En 2017, pour une progression de 5,5% du chiffre d’affaires, le niveau des effectifs, facteur clé de la création de richesse dans une entreprise de transport, n’a augmenté que de 4,4% .
Quant à la rémunération moyenne, c’est une véritable stagnation avec une hausse de 0,3%, inférieure au niveau de l’inflation.
Mais cette austérité ne concerne pas les 1 511 salariés (87% de cadres) de Kéolis SA, qui ont bénéficié d’une augmentation moyenne de 4,3%.
Quant aux 9 plus hauts dirigeants, ils se sont octroyés une hausse de 17%.
. »Les rémunérations et autres avantages à court terme de ces dirigeants se sont élevés à 4,8 M€ pour 9 personnes en 2017 contre 4,1 M€ pour 9 personnes en 2016. » (document de référence 2017)
La manipulation des comptes des filiales
Afin de limiter les revendications du personnel et exercer un chantage aux collectivités, les dirigeants de Kéolis formatent les résultats en fonction du contexte local.
Les moyens mis en œuvre
Une organisation adaptée
Une structure pyramidale
Les filiales de production appartiennent à Kéolis SA, qui appartient à Groupe Kéolis SAS, qui appartient à deux actionnaires SNCF pour 70% et la Caisse de Dépôt et Placement du Québec pour 30% (fonds d’investissement canadien)
Kéolis SA assure le management des filiales avec un effectif de 1 511 salariés, à 87% des cadres.

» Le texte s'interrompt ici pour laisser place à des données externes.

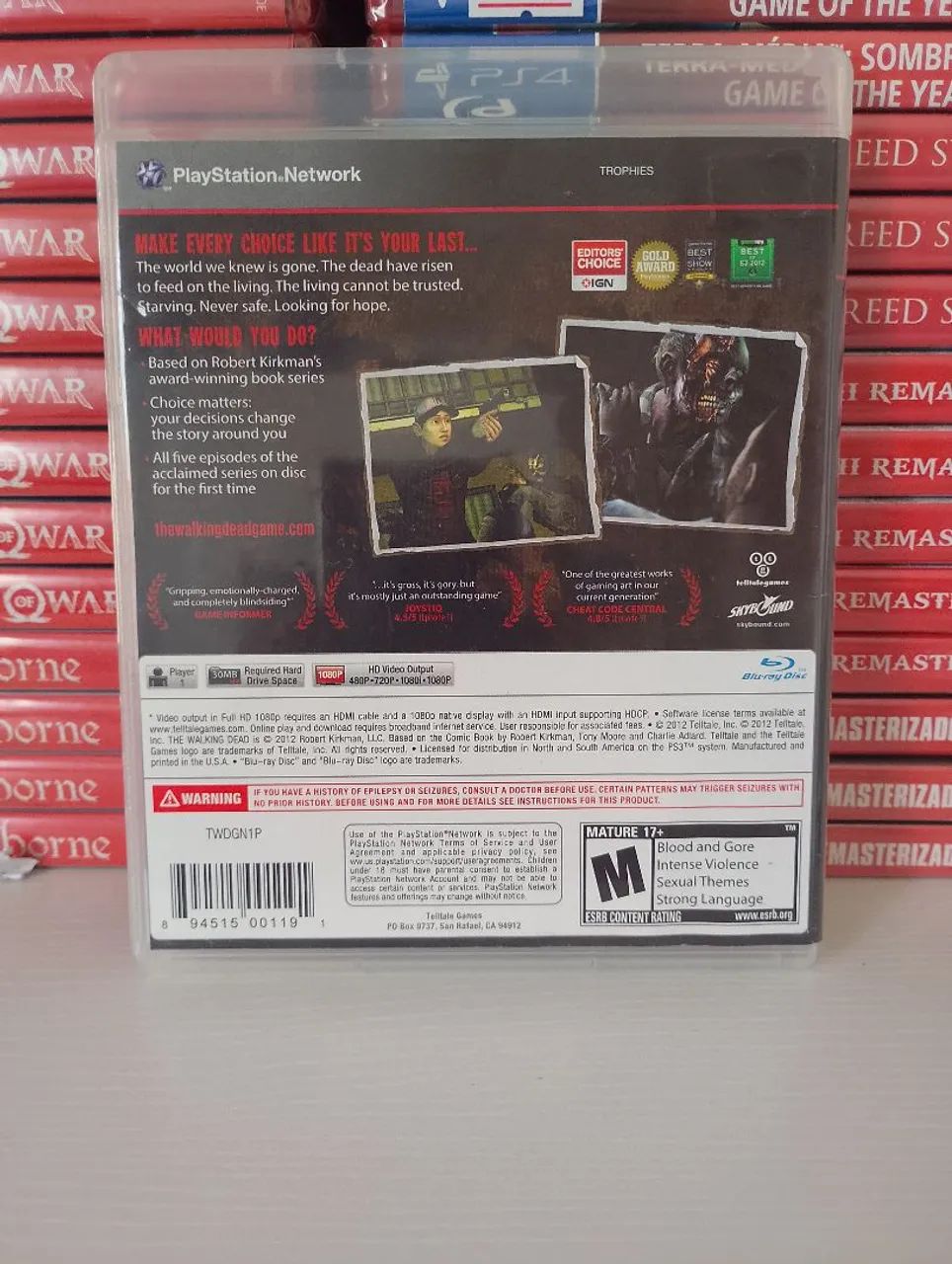 The Walking Dead: Season One - PS3 - Foto 3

Des canaux de transferts des marges
Les transferts de ressources des filiales vers la maison mère empruntent des voies détournées, multiples et parfois opaques.
Une voie transparente, par le versement de dividendes
Elle est peu utilisée chez Kéolis car cela suppose l’affichage de bénéfices. Sur les quelques 150 filiales françaises, une seule, la compagnie des transports collectifs de l’ouest parisien, a versé des dividendes à Kéolis SA en 2017.
Deux voies masquées
La mise en place de système de facturation de services en tout genre, sert le plus souvent à faire disparaître les marges des filiales de production. Cela peut s’effectuer par des transferts directs à Kéolis SA ou indirectement par l’intermédiaire de filiales prestataires de services.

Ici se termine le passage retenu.